“The moon is a loyal companion.
It never leaves. It’s always there, watching, steadfast, knowing us in our light and dark moments, changing forever just as we do. Every day it’s a different version of itself. Sometimes weak and wan, sometimes strong and full of light. The moon understands what it means to be human.
Uncertain. Alone. Cratered by imperfections.” 
― Tahereh Mafi

(circa September-October 2016)

It’s been a while.
During the past three weeks, I’ve been overwhelmed with continual physical weakness and intermittent weight loss that only echoes the polar magnitudes of my tectonic moods. My internship (of sorts) evolved into a hydra, replicating responsibilities like the white blood cells in my off-kilter body. It’s been difficult to conjure up any creative sparks to forge words solely about me right now; the lion eats before the lioness, leaving little behind. That said, I love my internship. I love it.

It’s depressing to wake up into the remoteness that seems to dominate my life. Gap years are supposed to be modern day fairytales, and I feel like I haven’t even stepped out of my own garden yet. Though surrounded by loved ones, it’s easy to feel alone, to see myself as too half-spirited to actualize my passions. Meredith, who locks herself away while life slips through her fingers.

The past three weeks have been a little rough, to say the least. It’s heartbreaking to accidentally lose weight and submit to a small ice age of recovery. Two steps forwards and one step back, towards the “orgastic green light” a the end of some mythical dock. Towards the lost golden ship and the legendary captain that went down with it. Like old friends, bones surfaced in a few places that have been, in more recent times, submerged by health. They seemed to whisper, reminding me that “we’re still here, dear, and yes, you are becoming powerful again.” What dangerous, tempting illusions.

It has almost been a year since October 18th, 2015. That day, my “day to end all days,” was the day my mind officially went to war with my body, the day when I lost my senses. Almost one solar orbit ago, the moon rose onto a night that transformed the rest of my life into an aftermath. It chills me to think about the lightning bolt that descended from the sky and smote the archaic innocence of my naive world, ripping apart the cracks that already broke across me like fragile seams. It’s been dark ever since.

I think back to this day, this empire that unleashed my mind from its cage, a bird “free” at the price of a broken body.
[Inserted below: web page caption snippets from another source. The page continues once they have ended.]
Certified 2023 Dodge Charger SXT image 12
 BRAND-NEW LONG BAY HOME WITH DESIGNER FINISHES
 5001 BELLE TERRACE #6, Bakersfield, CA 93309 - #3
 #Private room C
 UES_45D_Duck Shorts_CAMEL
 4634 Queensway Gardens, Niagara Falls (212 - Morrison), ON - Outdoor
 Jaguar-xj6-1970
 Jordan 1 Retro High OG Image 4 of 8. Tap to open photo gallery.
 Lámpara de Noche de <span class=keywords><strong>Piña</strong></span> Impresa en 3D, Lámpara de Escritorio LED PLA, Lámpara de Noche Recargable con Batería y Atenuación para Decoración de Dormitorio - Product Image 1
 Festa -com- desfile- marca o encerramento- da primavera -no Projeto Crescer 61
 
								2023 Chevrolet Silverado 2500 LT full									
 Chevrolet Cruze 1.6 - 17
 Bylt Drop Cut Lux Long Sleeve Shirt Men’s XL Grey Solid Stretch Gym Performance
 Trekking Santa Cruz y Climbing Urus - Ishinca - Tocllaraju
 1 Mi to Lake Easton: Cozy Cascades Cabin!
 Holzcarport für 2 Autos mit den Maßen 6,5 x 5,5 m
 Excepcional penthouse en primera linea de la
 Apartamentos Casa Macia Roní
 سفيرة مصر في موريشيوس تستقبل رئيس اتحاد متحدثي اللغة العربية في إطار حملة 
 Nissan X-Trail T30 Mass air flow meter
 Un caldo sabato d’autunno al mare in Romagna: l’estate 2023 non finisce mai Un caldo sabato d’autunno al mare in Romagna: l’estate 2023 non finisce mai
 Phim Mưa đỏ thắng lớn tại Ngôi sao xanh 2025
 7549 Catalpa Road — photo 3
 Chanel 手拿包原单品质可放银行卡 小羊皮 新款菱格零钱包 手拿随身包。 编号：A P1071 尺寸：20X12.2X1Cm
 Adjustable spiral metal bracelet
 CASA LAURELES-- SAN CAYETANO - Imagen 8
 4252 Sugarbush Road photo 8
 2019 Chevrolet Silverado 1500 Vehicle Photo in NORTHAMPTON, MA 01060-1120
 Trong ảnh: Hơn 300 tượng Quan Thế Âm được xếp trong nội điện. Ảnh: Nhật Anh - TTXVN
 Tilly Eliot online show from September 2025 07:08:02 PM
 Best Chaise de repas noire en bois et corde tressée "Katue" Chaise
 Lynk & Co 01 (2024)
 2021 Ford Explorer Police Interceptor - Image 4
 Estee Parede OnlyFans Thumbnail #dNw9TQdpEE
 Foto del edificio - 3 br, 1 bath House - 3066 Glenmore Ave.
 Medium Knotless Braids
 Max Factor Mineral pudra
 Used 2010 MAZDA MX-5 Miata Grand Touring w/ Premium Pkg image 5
Aftermath became glorious revolution. Things fell apart. When recovery came a few months later, and there was only the choice of life or death left in my weary bones, I chose life. Yet, in that choice, I chose chaos. I chose hibernation. 

Now, I feel chaos reigning not only in recovery, but in how I perceive my “failing” gap year. It’s not what I initially wanted it to be. I’m not in the USA, or India, or some exotic place. I’m home. I feel dormant; but no longer. I know that my story, for now, must be here, in my garden. There are heavy perceptions in myself that I cannot run away from, that I cannot hibernate underneath any longer. Once again, there is a choice: sleep or wake. I choose to wake. I choose to take back my wilderness.

As my mind is trampled by a stampede of fears, both about my body and my gap year, I think back to some mystical trances I experienced while in the darkest shadows of anorexia. Can you remember the quiet cold in your body as your fire slowly dwindled in the lonely spaces? Do you remember the moments, comets trailing through the sky, when you sat still in the peace of a future when you would be alive, different from how you were then, but alive? 

I’m different. I’m alive. I’m alive now. I’m here. Dearest, I’m here, finding the broken pieces.

I’m in our garden, and the moon has risen once again. And where she is, dawn follows.